Muller is thankful that her son, Jack, attends Cooper Elementary, a learning institution she feels is a "wonderful and safe school."

But still, she couldn't help but wonder Monday afternoon how her first-grader was doing.

"It's been hard to get through this day," Muller said late Monday morning. "I know the schools are doing everything possible, and I know the extra officers are checking in ... but I think about my son, and I think about what happened in Connecticut, and he could have been one of those kids. It's just so horrendous."


kevin 2 years, 9 months ago

That is all this is about; "feeling" safe. Law enforcement failed in protecting the school in CT. Something or someone failed at the moment of stopping this nut from entering that school. The school admits the doors were locked and there were live cameras at the entrances. So how did this guy get in? The media reports that this nut "broke" into the school. Questions: 1) Was anyone looking at the live camera? 2) What were the the security guard(s) doing at the time of the break in? 3) Why wasn't the principal notified at that moment that something was going to happen? 4) Why didn't any leader in that school, besides the security guard(s), have a gun to stop this nut?

So what is next? The media and the government wants us to just "feel" safe, but in reality, only temporary additional police presence is taking place.


Why_not 2 years, 9 months ago

Kevin, if you are speaking about the temporary police presence at schools here in Gwinnett instead of full time, I believe it was you a little over a week ago that implied that we had too many police officers in the county.
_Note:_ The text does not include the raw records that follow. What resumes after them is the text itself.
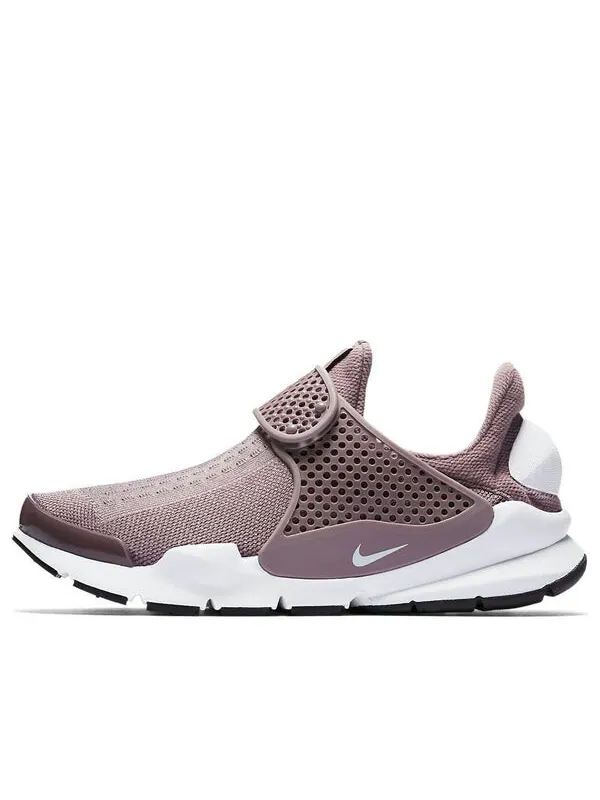 Кроссовки носок дротик Nike — изображение 1 из 4, серый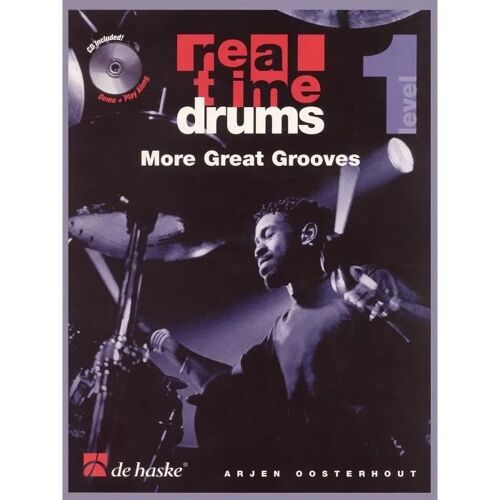 Real Time Drums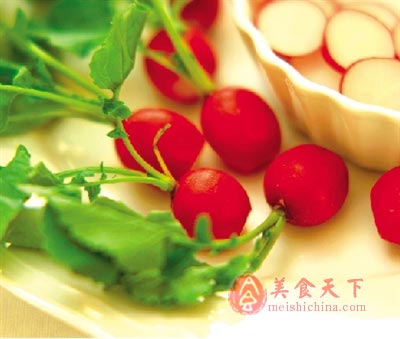 蔬菜營養(yǎng)九個驚人誤區(qū)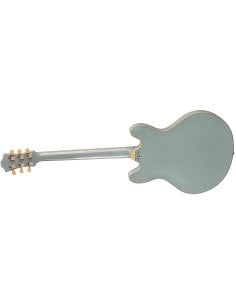 EASTMAN T60/TV-LTD-FB 16" THINLINE P90S LOLLAR 2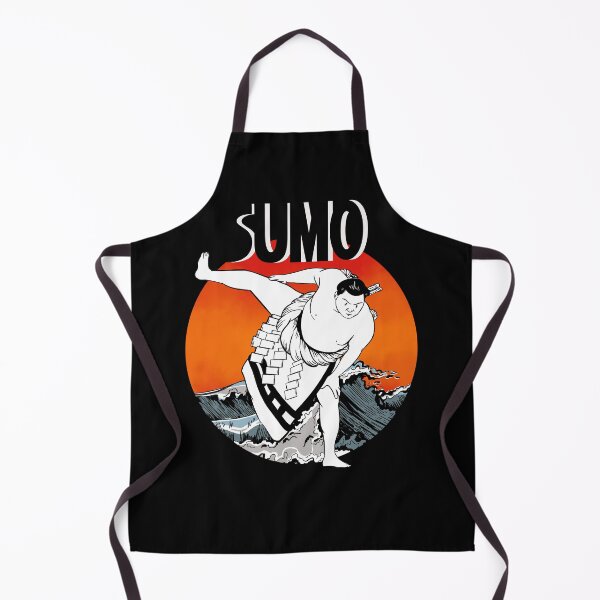 Item preview, Sumo designed and sold by Artthree.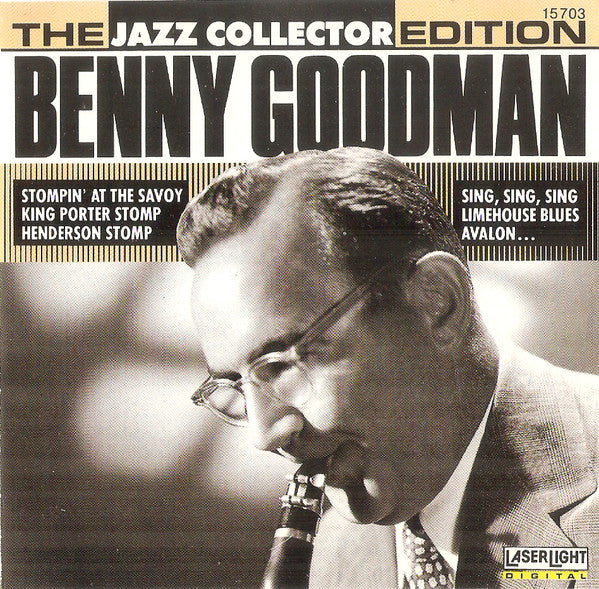 benny-goodman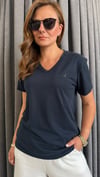 modal cupra lacivert tshirt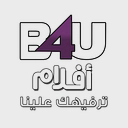 B4U Television Network (India) Pvt. Ltd. logo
With more than 100 schools to protect, what would your solution be? Each school resource officer has multiple schools to protect and I too would love to see one at each school but if that happened, you would be the first to complain about to many cops and higher taxes.....you can't have it both ways you know.


rextim 2 years, 9 months ago

You have to learn to ignore Kevin. His opinions are based on little if any facts as witnessed in his post. It has been widely reported that the offender shot his way into the school. I would infer from this that he did not pick a lock on the front door to get in. The school under attack had no security guard. The principal was notified by bullets tearing into the school and was killed when she and others went to confront the gunman. As for his final point, the only guns in the school were possessed by the shooter.

He blames law enforcement for preventing this tragedy. I'd love to know how he came to such a conclusion. The school did not have a police officer (SRO) assigned to it. The fact is that Kevin is very anti-law enforcement based on his past posts. With such a blatant bias, I can't take his opinions seriously.


chasmcjr 2 years, 9 months ago

In short, Kevin is an idiot. Ignore him.


Why_not 2 years, 9 months ago

I had already figured out the "idiot" part as it applies to Kevin.


dudley4141 2 years, 9 months ago

Amen Chasmcjr, Kevin is just making himself look like a donkie. I bet he would be the first one to run the other way in a crises situation.